More than 20 months have passed since local attorney Richard Nix filed suit against former police chief Tracy Hawsey and the town. During that time the contentious town law, or ordinance, that enabled Hawsey and his officers to pull people over and tow their vehicles for $500 each has been shelved and the police department shrunken from five full-time officers to two part-time officers that work on their days off from their regular jobs.
But the lawsuit, which is expected to be mediated before Christmas, according to Hawsey, remains. And while it may bring restitution to the plaintiffs in the case, some of which have never had their cars or cash returned, it also has the potential to devastate an already struggling Castleberry.
Yeah, I suppose five full-time officers would be quite an expense for a town of 600.
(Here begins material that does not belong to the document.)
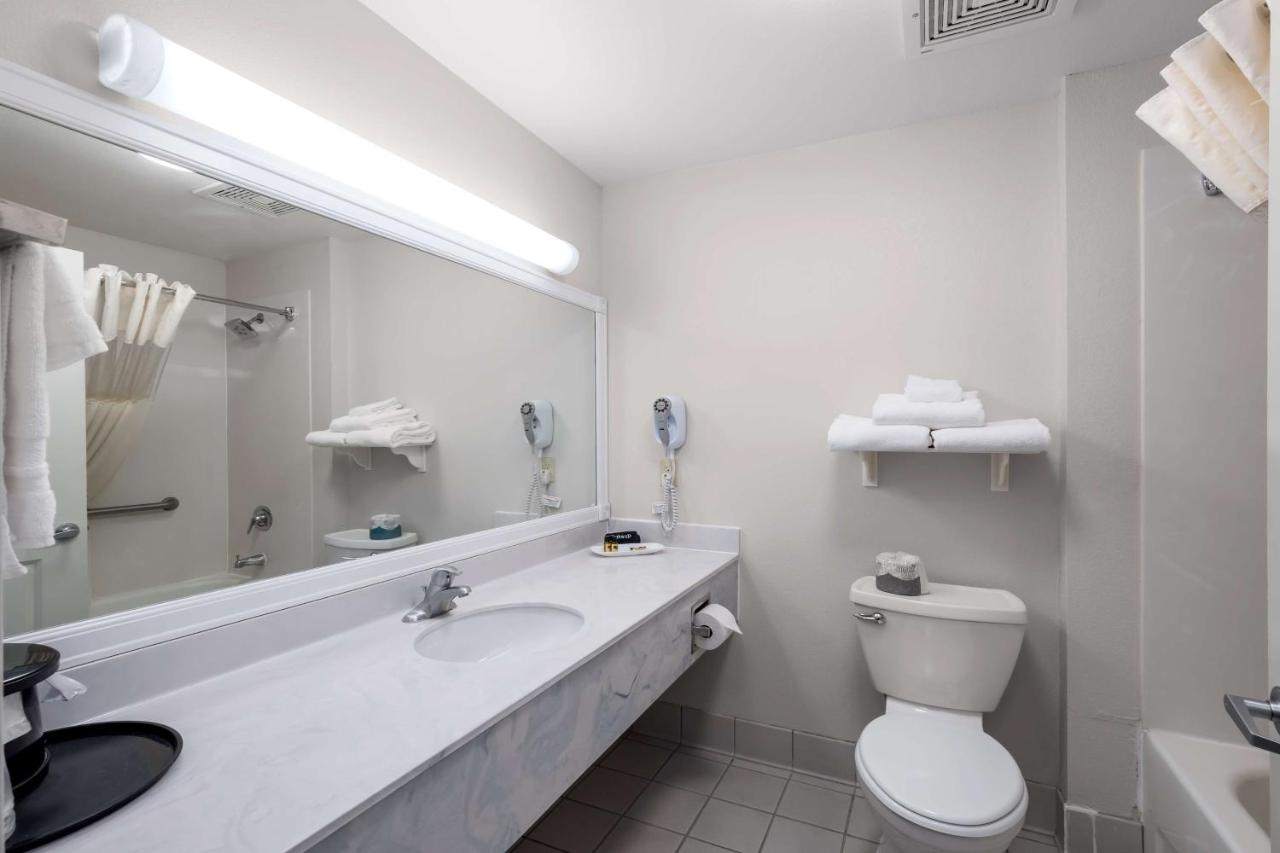 One-Bedroom King Suite at SureStay Plus Hotel by Best Western Billings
“We’re still terrible financially,” said Mayor Buddy Kirksey, who narrowly beat out the former mayor by just 30 votes during an election a little over two years ago. “The town can’t afford anything like this so right now we’re depending on the insurance companies to pay for it.”
And what of this Hawsey fellow, anyway?
In 2002, Hawsey saw multiple drug bust cases thrown out of by judges after he and his deputies used improper police procedure when entering suspects properties, according to AL.com reporting from the time. Four years later, he stepped down as Conecuh County Sheriff two months before his second term was up, according to the Evergreen Courant. He had just lost a run-off. The resignation was seen at the time as being unprofessional given that deputies under him lost their arresting powers. A new Sheriff was sworn in immediately, only to find that food for inmates at the county jail had run out. New Sheriff, Edwin L. Booker, was forced to use his own money to feed inmates.
Which is not to say Hawsey was loath to spend money:
In 2016, revenues from the court system and the drug towing law, brought in more than $546,000, approximately double from the year before. At the same time, however, payroll for the cops and court quadrupled, according to financial documents.
The city began to accrue new debts, which was compounded by debts incurred by Hawsey’s ambitious plan to grow the police department with personnel, dispatchers, new equipment and at one point five cop cars.
And cop tires, cop suspensions, and cop shocks run into some serious money.